::: Extracted information

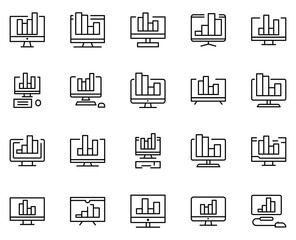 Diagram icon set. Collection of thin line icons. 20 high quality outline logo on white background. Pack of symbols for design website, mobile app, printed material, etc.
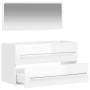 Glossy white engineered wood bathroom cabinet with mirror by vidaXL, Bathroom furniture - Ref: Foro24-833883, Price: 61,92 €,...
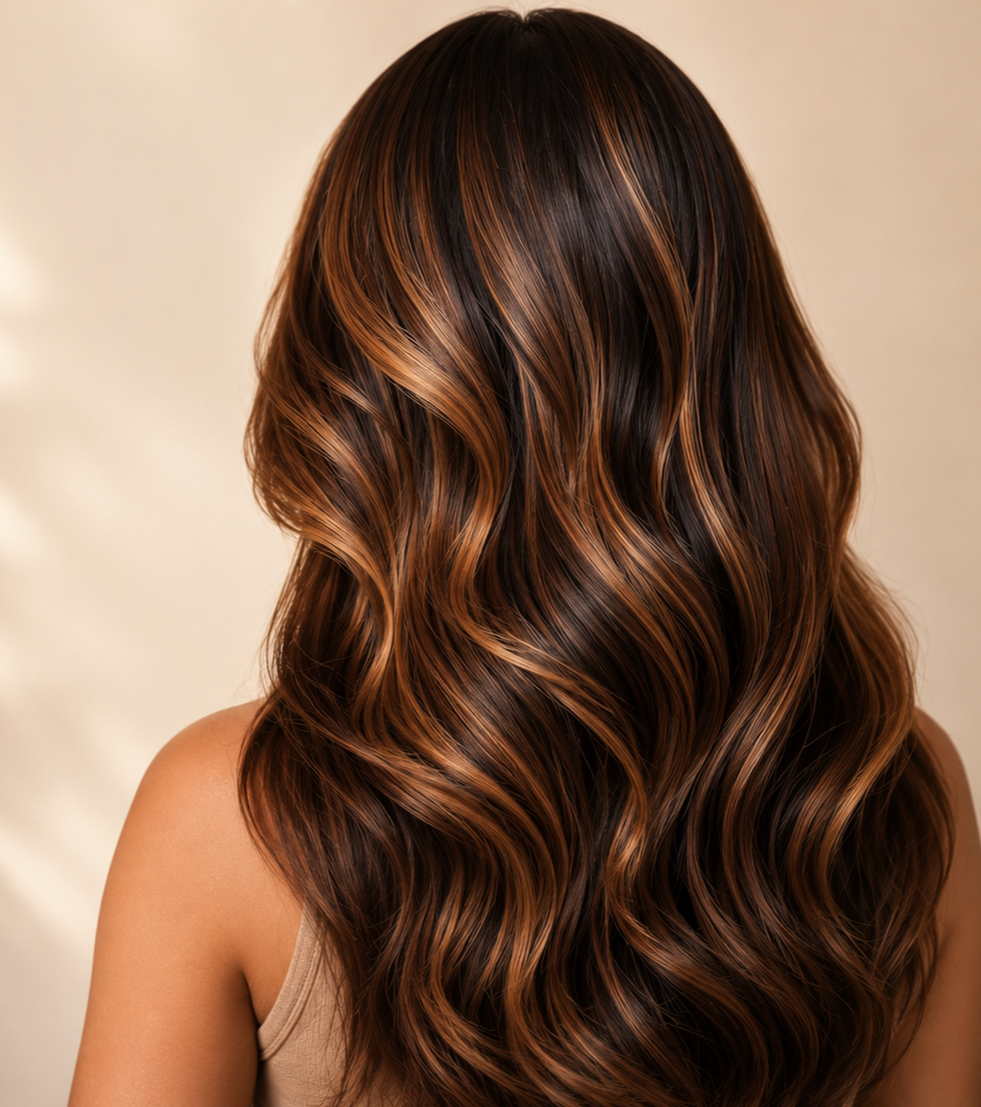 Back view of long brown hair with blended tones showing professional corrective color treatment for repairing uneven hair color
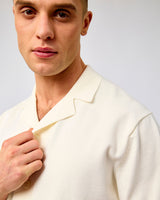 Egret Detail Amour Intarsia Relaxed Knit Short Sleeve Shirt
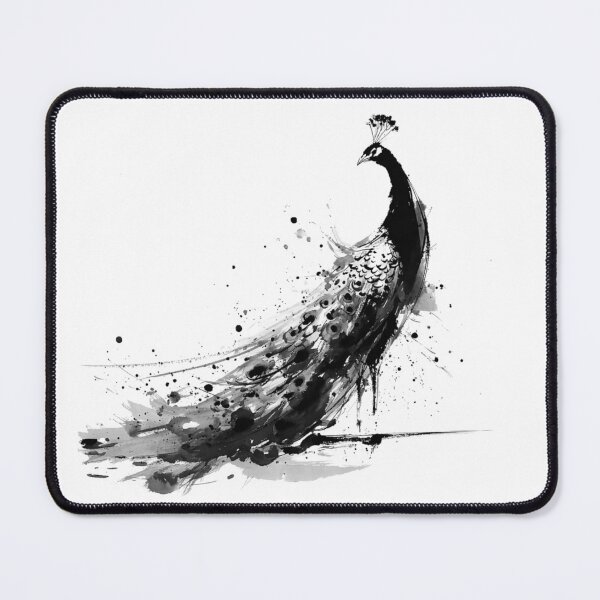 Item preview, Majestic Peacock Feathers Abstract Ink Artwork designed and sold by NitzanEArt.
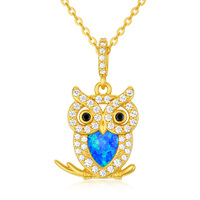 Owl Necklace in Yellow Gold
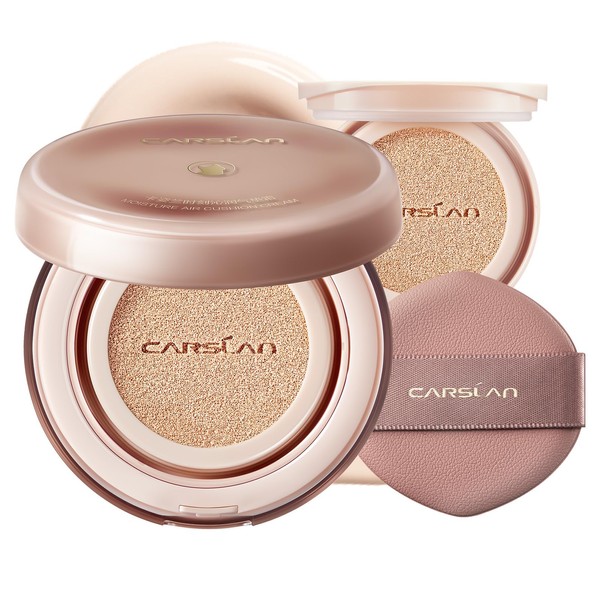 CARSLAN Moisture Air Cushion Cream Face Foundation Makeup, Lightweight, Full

::::::
::: Extracted information

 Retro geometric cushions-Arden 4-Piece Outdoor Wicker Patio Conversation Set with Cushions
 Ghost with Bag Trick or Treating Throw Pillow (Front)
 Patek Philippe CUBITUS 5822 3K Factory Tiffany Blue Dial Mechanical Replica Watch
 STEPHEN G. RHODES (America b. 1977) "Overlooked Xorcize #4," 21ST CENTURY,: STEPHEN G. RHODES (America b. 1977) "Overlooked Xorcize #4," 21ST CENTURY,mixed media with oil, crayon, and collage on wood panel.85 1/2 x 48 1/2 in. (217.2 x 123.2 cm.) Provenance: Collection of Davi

::::::
::: Extracted information

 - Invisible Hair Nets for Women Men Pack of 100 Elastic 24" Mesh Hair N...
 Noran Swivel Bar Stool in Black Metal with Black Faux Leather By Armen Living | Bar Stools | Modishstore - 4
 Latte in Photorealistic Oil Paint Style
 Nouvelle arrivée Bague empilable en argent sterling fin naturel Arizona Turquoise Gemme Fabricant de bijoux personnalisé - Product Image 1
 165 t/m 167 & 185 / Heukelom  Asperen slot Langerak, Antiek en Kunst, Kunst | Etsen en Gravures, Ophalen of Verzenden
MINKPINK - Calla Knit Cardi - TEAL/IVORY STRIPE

::::::

Task instructions -
Only one stretch of the data is wanted: write out exactly the lines from the one holding "Diagram icon set." through the one holding "Glossy white engineered", both included, without the pictures.

Solution for this task -
 Diagram icon set. Collection of thin line icons. 20 high quality outline logo on white background. Pack of symbols for design website, mobile app, printed material, etc.
 Glossy white engineered wood bathroom cabinet with mirror by vidaXL, Bathroom furniture - Ref: Foro24-833883, Price: 61,92 €,...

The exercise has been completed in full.